Richard Stallman wrote:
Yes. "Debian will remain 100% free software". That's the first line of the
Debian Social Contract. This means that everything in Debian must be free
*software*.
That is one possible interpretation, but since it is based on
asserting that manuals, essays, licenses, and logos are software, I
think it is not the proper one.
We hope to show you the error of your ways. ;-)
I think the text was written without
regard to the presence of material other than software in the
distribution, and it ought to be interpreted in that light.
Bruce Perens has clarified that the DFSG was intended to apply to
everything on the Debian CD. I don't think you're right about this.
It has been made clear *many* times that the interpretation of
"software" generally used here is "the part of the computer which is not
hardware". This is the original and more accurate meaning of
"software". Manuals, essays, licenses, and logos *encoded as bits on a
computer* are software. A carving of a program on a stone tablet is not
software. Accordingly there is nothing in the Debian distribution which
is not software.
But let us suppose, for the sake of argument, that we accept your
interpretation.

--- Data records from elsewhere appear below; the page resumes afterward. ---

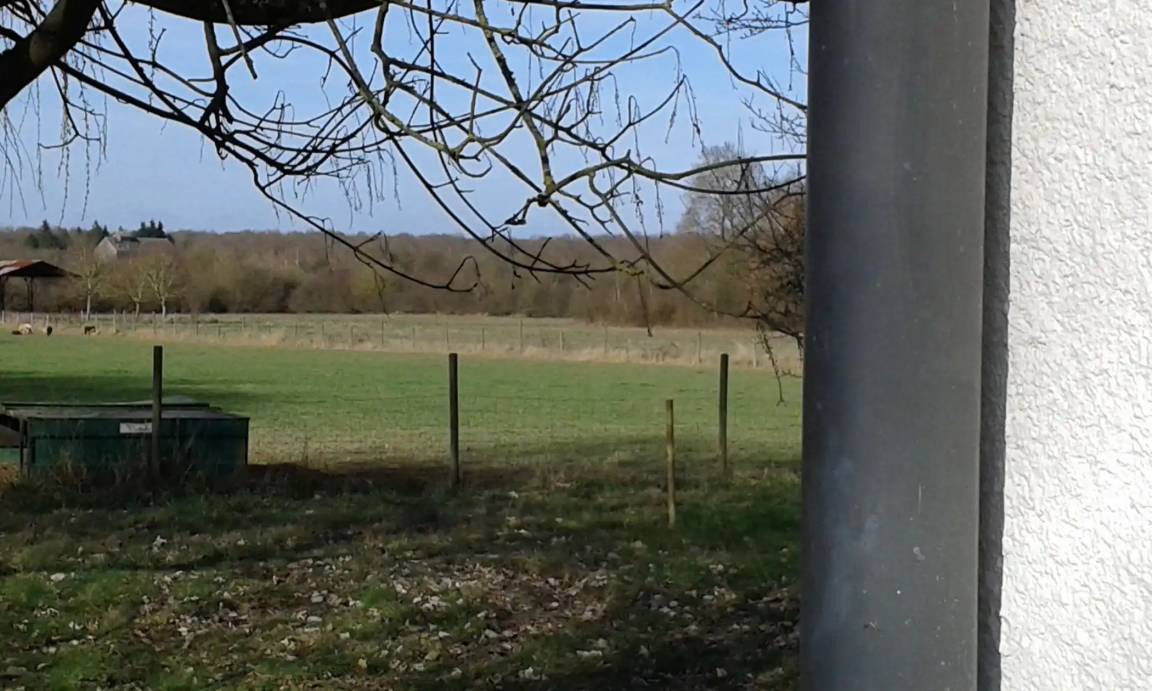 Photo of Others in Saint-Firmin-sur-Loire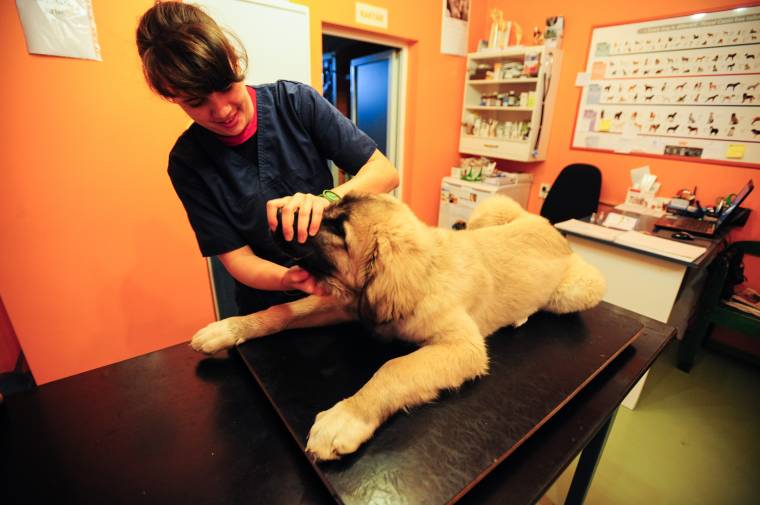 Zsebbe kell nyúlni a kedvencekért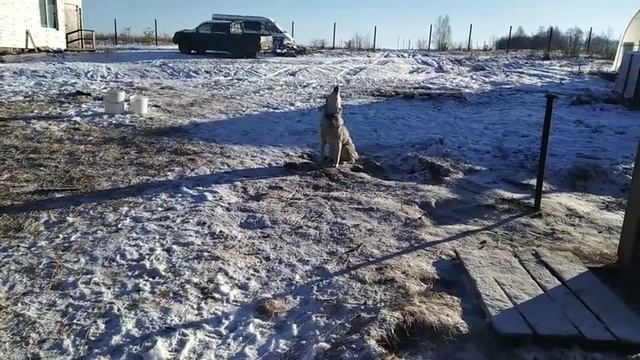 Еле вышла в 11часов кормить коз. Не заводите хаски. У коровы. смотреть онлайн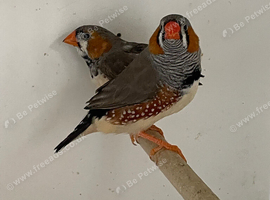 Pair of good sized normal zebra finches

I still see no reason to believe that documentation
should be treated differently from programs with regard to freedom.
Several good reasons have been given to treat it exactly the same way,
many related to the difficulty of separating documentation entirely from
programs, and the desirability of not separating it.
If you really have good, specific reasons to treat it differently in
such a way that Invariant Sections are OK for documentation and not for
programs, do tell; I haven't heard any.